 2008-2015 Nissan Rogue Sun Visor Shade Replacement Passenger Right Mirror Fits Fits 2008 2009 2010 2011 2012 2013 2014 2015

--

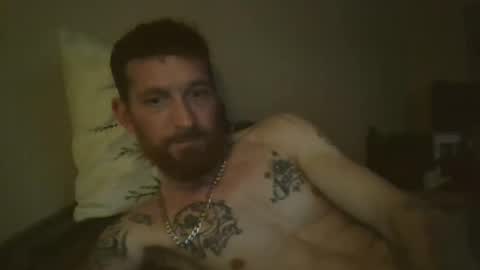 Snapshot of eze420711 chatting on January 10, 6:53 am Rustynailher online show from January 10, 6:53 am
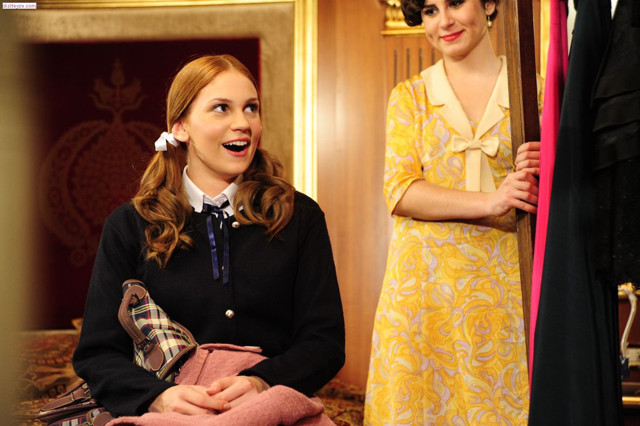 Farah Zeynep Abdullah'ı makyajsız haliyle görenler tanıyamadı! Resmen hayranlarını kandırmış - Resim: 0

---

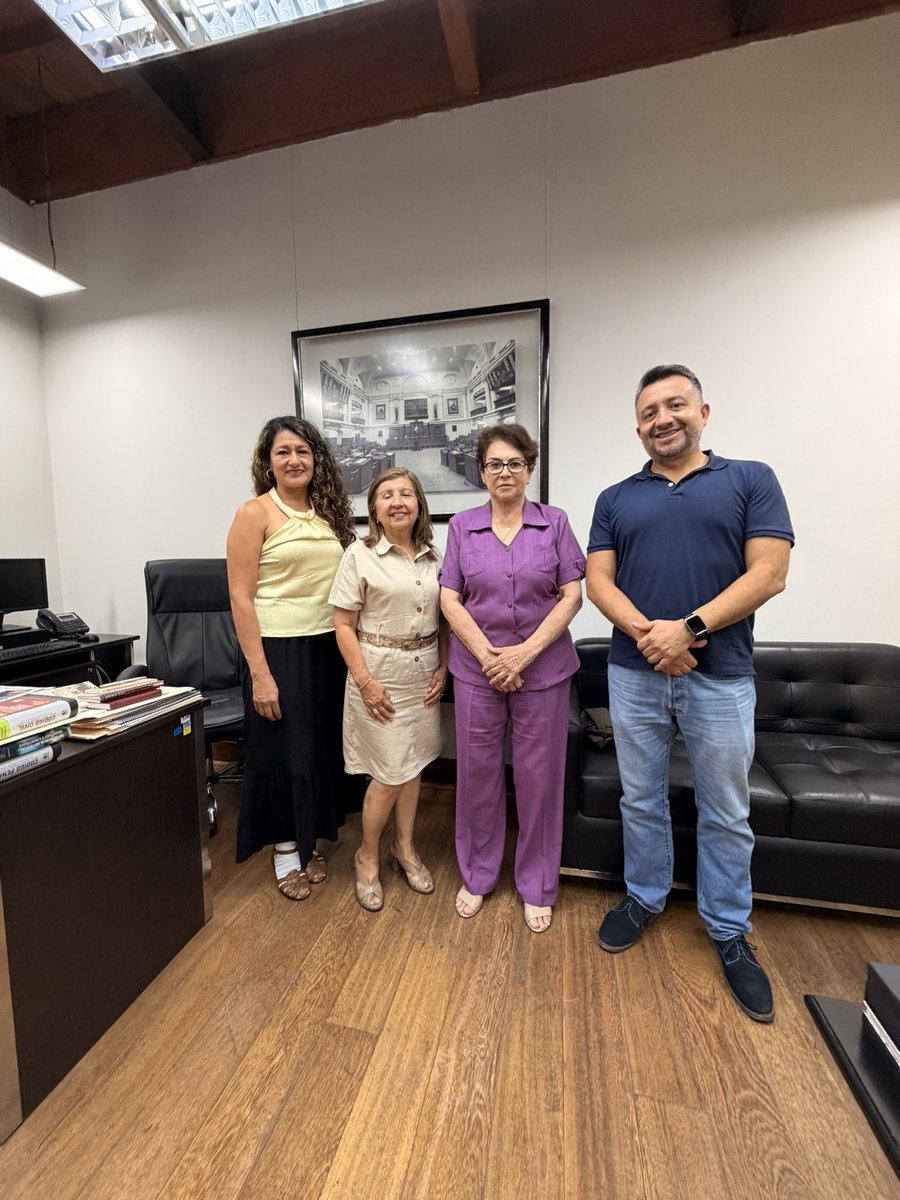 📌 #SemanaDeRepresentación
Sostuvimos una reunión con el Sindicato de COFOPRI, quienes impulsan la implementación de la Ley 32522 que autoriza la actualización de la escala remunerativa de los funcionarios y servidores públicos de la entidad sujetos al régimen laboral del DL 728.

- ASSIGNMENT: What lines above run from the one with "Snapshot of eze420711" to the one with "Farah Zeynep Abdullah'ı"? Give them again exactly, ends included, and leave the pictures out.

- EXERCISE SOLUTION:
 Snapshot of eze420711 chatting on January 10, 6:53 am Rustynailher online show from January 10, 6:53 am
 Farah Zeynep Abdullah'ı makyajsız haliyle görenler tanıyamadı! Resmen hayranlarını kandırmış - Resim: 0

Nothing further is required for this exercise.